Ainissa Ramirez, da Universidade de Yale e também defensora da mudança, acredita que até hoje a educação treina as pessoas para responder perguntas assim como em um jogos de cartas, que traz as as respostas no verso. Para ela, as escolas e universidades precisam “preparar os alunos para um jogo onde atrás de uma carta de perguntas não há uma resposta”. “Nós precisamos de criatividade, curiosidade. Precisamos resolver problemas e fazer amigos por meio das nossas falhas. Descobertas são feitas um erro por vez”, afirma Ramirez.

E não pense que os educadores estão sozinhas na luta por um ensino mais artístico. Durante o SXSWEdu, a Adobe apresentou uma pesquisa realizada com profissionais de diversos segmentos que comprova a importância da criatividade no mundo atual. Entre as 1.025 pessoas entrevistadas, 80% dizem que ser criativo é fundamental para levar o mundo para frente; 62% afirmam que a escola é incapaz de desenvolver isso e 71% acreditam que a criatividade precisa ser ensinada como outros cursos ou perpassar por todas as outras disciplinas. Mas existe mesmo uma maneira de ensinar a criatividade? Ken Robinson, um dos maiores defensores da inovação e criatividade no ensino, tem algumas das palestras Ted mais assistidas do YouTube. E até o MIT entrou na dança. Em fevereiro desse ano lançou, pela primeira vez, um curso aberto e on-line de aprendizagem criativa.

Fora dos muros acadêmicos

John Maeda, que é presidente da Rhode Island School of Design, é tão entusiasta desse movimento que lançou um site devotado à causa, o Stem to Steam. Quando criança, seu pai dizia para ele dar mais importância para a matemática, porque arte não dava emprego para ninguém. “Hoje a arte tem grande importância.
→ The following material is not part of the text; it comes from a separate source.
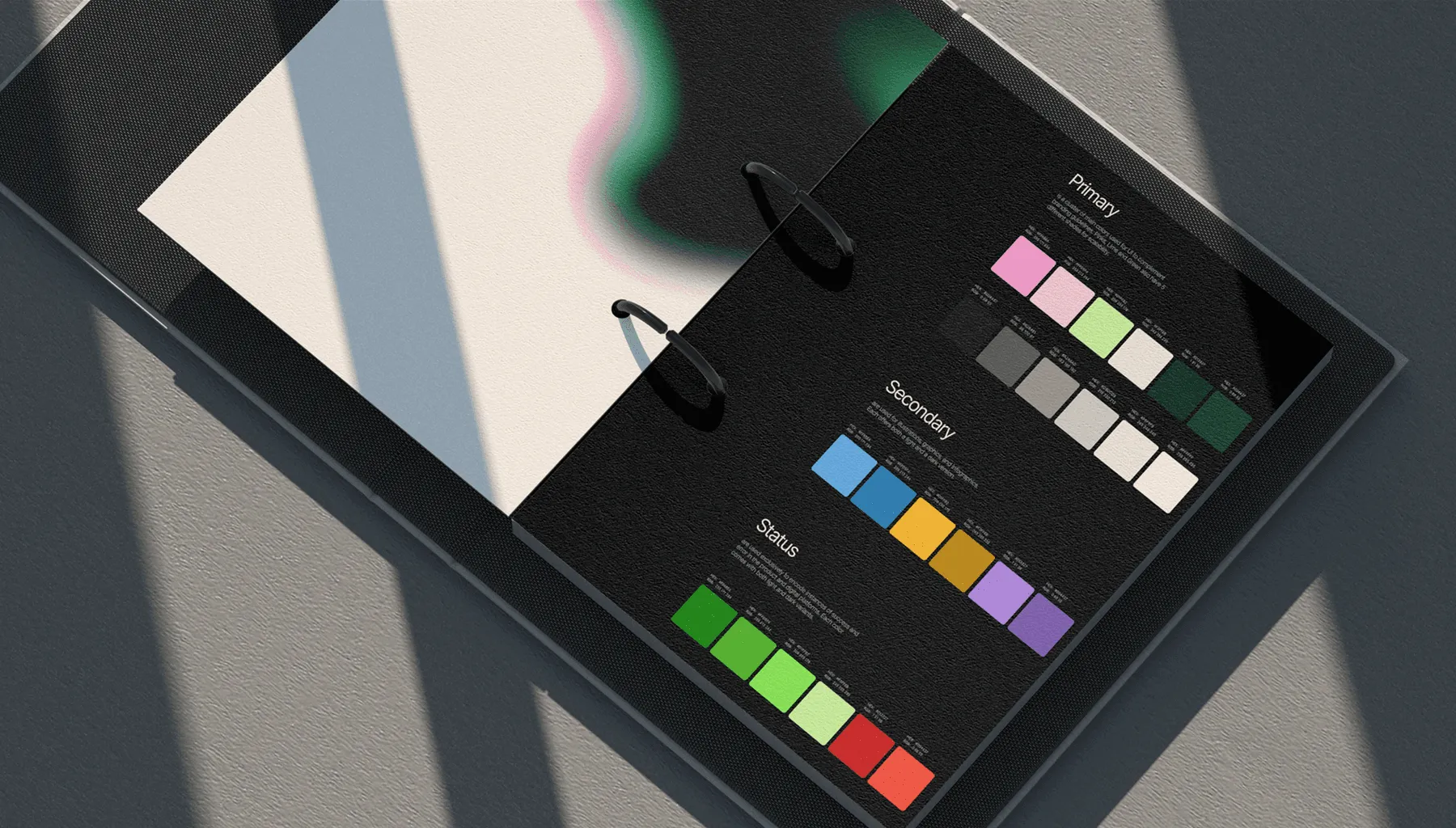 Cahier ouvert avec un nuancier de couleurs sur page noire divisée en sections : primaire, secondaire et statut, avec des carrés de différentes couleurs.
A revolução do MP3 só aconteceu com o iPod porque ele tinha design. O mesmo com os carros depois que a Ford inovou nos seus modelos”, diz. Para ele, mudar o nome da sigla não vai terminar com ela, ao contrário, acrescentar artes e design à sigla vai “unir mentes criativas para agregar conhecimento no mundo”.

E até na televisão a Steam já está presente. Rosemarie Truglio, presidente da organização que produz o Sesame Street (série norte-americana que teve no Brasil a versão chamada de Vila Sésamo na década de 70), afirma que o objetivo é fazer com que as crianças se questionem, observem, investiguem e reflitam sobre suas ideias. Durante o episódio Figure it out, baby – disponível no YouTube por uma gravação realizada por um usuário –, os personagens percebem que precisam ter uma banda para alcançar o sucesso e, para isso, constroem seus próprio instrumentos. “Tecnologia é uma ferramenta como outra e eles descobrem isso. Eles próprios fizeram seus microfones, guitarras e o design de cada um dos objetos”, explica Truglio.